> **Data listing**:
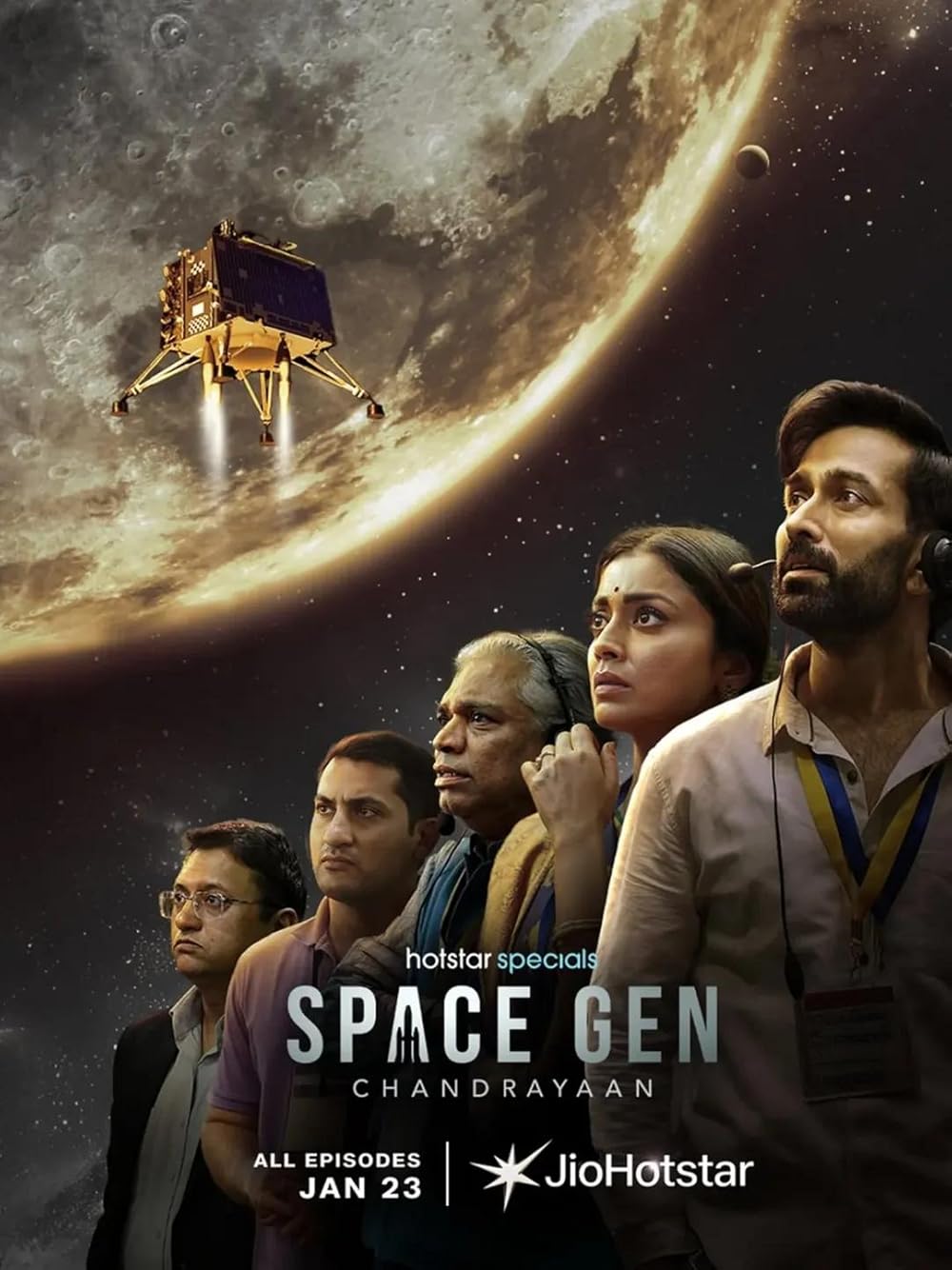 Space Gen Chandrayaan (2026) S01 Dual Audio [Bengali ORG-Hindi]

...

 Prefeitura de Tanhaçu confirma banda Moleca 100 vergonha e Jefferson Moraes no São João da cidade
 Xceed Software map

> **To do**: Repeat, character for character, the lines of the material above from the line with "Prefeitura de Tanhaçu" through the line with "Xceed Software map".

> **Solution to this problem**:
 Prefeitura de Tanhaçu confirma banda Moleca 100 vergonha e Jefferson Moraes no São João da cidade
 Xceed Software map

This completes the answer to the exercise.